Keywords: Thymosin β4, Neurorestorative, stroke, neurogenesis
Introduction
Stroke is a major cause of morbidity and mortality worldwide [1]. Most survivors exhibit some form of disability and functional recovery is slow and unpredictable. Over the past two decades, research on treatment of stroke has focused on neuroprotection and revascularization strategies. The only successful clinical trials that has resulted from this research is the use of tissue plasminogen activator (rt-PA) administered within 4.5 hours of symptom onset [2, 3]. Use of t-PA has been limited because of its narrow time dependent treatment window as most stroke patients present to the Emergency Department well beyond 4.5 hours of symptom onset [4, 5]. Moreover, use of rt-PA is complicated by a 6.4% symptomatic intracerbral hemmorhage (ICH) rate which has caused considerable controversy regarding its practical use, particularly amongst Emergency physicians. The restriction on time and potential adverse effects have limited the use of rt-PA to approximately 3% of stroke patients [6, 7]. New strategies need to be designed to produce a treatment for stroke patients that are not limited to a symptom onset time window and produce improved outcomes with minimal side effects. Therapeutic advances would be to initiate treatment many hours or even days after stroke onset with the intent of improving neurological function rather than just simply reducing the area of infarction. Pharmacologically based therapies designed to enhance endogenous neurogenesis to promote functional recovery is the next frontier in stroke research.
Neurorestorative therapy
Recovery recapitulates ontogeny [8]. Genes and proteins that are present and active during development are reactivated after ischemic brain injury. Expression of these developmental genes and proteins after ischemia, especially with limited cerebral metabolic resources, demonstrates a conservation of plasticity that is capable of activation even in an aged adult organism. Examples of increased cerebral protein expression during development and ischemia are structional proteins (nestin and MAP-2), growth factors (VEGF and BDNF) and differeation factors (NeuroD) [9, 10]. In a similar fashion, the number of dendritic spines reach a maximum several years after birth and subsequently decline. Likewise after stroke, the number of dendritic spines and synapses are increased during recovery and pruned [11, 12]. Neurorestorative therapy capitalizes on the these fundamental observations to enhance these brain repair processes
Neurorestorative therapies using cell-based or pharmacological treatments are designed to be administered 24 hours or later after stroke onset to remove the time restraints of thrombolytics thereby enabling most strokes to be treated.
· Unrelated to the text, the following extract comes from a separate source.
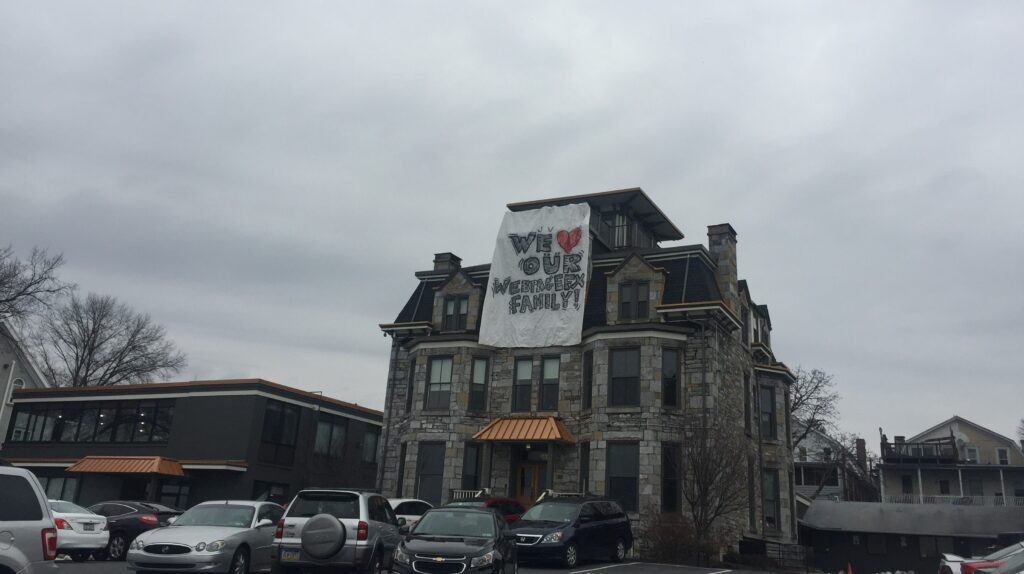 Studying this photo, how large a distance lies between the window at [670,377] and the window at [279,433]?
1756cm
Neurorestorative therapy treats the intact tissue and targets specific parenchymal cells (nerual progenitor cells, astrocytes, oligodendrocytes or endothelial cells) to activate endogenous neurogenesis, oligogenesis, or angiogenesis [13]. Cell based therapies currently under investigation are bone-marrow mesenchymal cell, cord blood cells, fetal embryoic cells. Pharmacological treatments include statins, phosphodiesterase 5 inhibitors erythropoietin, and nitric oxide donors [14-18]. These treatments have all demonstrated improved funtional outcome in the preclinial arena.
Stroke induced neurogenesis
In the adult rat brain, neurogenesis occurs primarily in the subventricular zone (SVZ) lining the lateral ventricles and the subgranular zone (SGZ) of the dentate gyrus (DG) [19]. The SVZ contains a hetergenous group of progenitor or adult stem cells which have the protential of differentiating into neurons, astrocytes or oligodendrocytes. Type A cells are neuroblasts, while a subpopulation of type B cells (astrocytes) are neural stem cells. Slow dividing type B cells generate rapidly dividing type C (progenitor cells) cells that differentiate into type A cells (migrating neuroblasts) [20] Type A cells ultimately travel the rostral migratory stream to the olfactory bulb where they differentiate into inter-neurons throughout rodent life [21]. A small subpopulation (5%) of type C cells in the SVZ become oligoprecursor cells (OPC) [22].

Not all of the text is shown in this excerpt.